Editor's note: The following is a guest article from Gartner drawing on analyst insights from the top 10 security projects for 2019.
Security and risk management (SRMs) leaders often struggle with balancing and prioritizing investments across technology, people and processes. Security teams incorrectly assume they can successfully implement new projects without first properly verifying that they have foundational security capabilities and risk assessments in place.
Here are the top 10 security projects for 2019, five of which pictured in the second row of the graphic below are brand new or modified projects from last year:
Project No. 1: Privileged access management (PAM)
PAM projects should help organizations discover and apply appropriate controls to privileged accounts so hackers have a hard time accessing them.
PAM projects must support on-premises, hybrid and cloud environments and, at a minimum, use multifactor authentication (MFA) for all administrators and third-parties. SRM leaders can prioritize privileged access accounts through a risk-based approach (high value, high risk).
Project No. 2: Continuous adaptive risk and trust assessment (CARTA) Inspired Vulnerability Management
Based on the continuous adaptive risk and trust assessment (CARTA) approach, SRM leaders need to embrace a strategic approach where security is adaptive.
Obviously, security teams cannot patch every single vulnerability that pops up, but can significantly reduce risk by properly prioritizing the crossroad between the business value of IT and the risk associated, rather than the vulnerability alone. Look at current threat and vulnerability management products and processes to accomplish this.
Project No. 3: Detection and responses
There is no such thing as "perfect protection," but detection and response projects that consider data management and indicators of compromise (IOCs) are certainly heading that way.
Look to endpoint protection platform (EPP) vendors to provide endpoint detection and response (EDR) capabilities, then determine which capabilities will best integrate with the rest of the security program.
Project No. 4: Cloud security posture management (CSPM)
The vast majority of successful attacks on cloud services are the result of customer misconfiguration, mismanagement and mistakes. SRM leaders should invest in CPSM processes and tools to proactively and reactively identify and remediate these risks.
Project No. 5: Cloud access security broker (CASBs)
Organizations that have adopted multiple software as a service (SaaS) applications can use CASBs to increase visibility and control across multiple cloud-based services.
Project No. 6: Business email compromise (BEC)
This is the first of the new wave of security projects for 2019. SRM leaders who have problems with both phishing attacks and poorly defined business processes could benefit from a BEC project.
BEC projects should focus on both email technical controls and a better understanding of organization-specific process breakdowns, such as email-only approvals for financial transactions or data disclosures.

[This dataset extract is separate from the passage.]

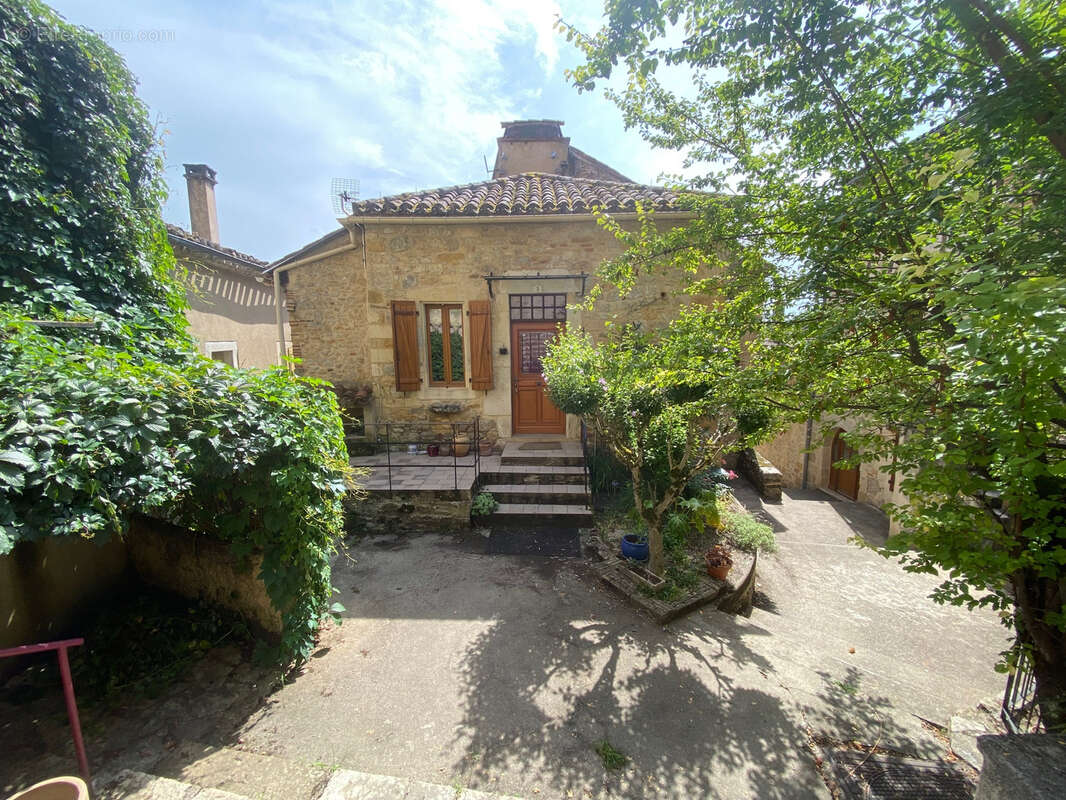 Maison à PUY-L'EVEQUE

Project No. 7: Dark data discovery
While it's natural for SRM leaders to have an unknown amount of dark data — data that provides little value and an unmeasured amount of risk — they can still work toward reducing their data footprint and looking at vendors that support data consolidation and storage.
One strong driver for dark data discovery is gaining the ability to reduce organizational risk exposure to the General Data Protection Regulation (GDPR) and other privacy regulations.
Project No. 8: Security incident response
Since security incidents are a natural byproduct of today's digital business, a security project in 2019 should include updating security incident response policies and procedures, or completely reworking those responses based on a variety of evolving factors.
Ongoing assessment of an organization's current level of incident preparedness is never a waste of time.
Project No. 9: Container security
To ensure all containers are scanned for vulnerabilities and configuration issues automatically before being released into production, security teams tasked with securing containers must harden the continuous integration/continuous delivery (CI/CD) pipeline.
Look at container security that can secure multiple container deployments, especially emerging container as a service offerings.
Project No. 10: Security ratings services
As digital transformation matures, the risks associated with complex ecosystems become an integral part of the business. It is no longer just about the internal security and risk posture of an organization, but about the posture of suppliers, regulators, customers, business partners and platforms.
As a result, SRM leaders should leverage security rating services as an additional data point to provide continuous, independent scoring for their overall digital ecosystem — public facing assets and otherwise.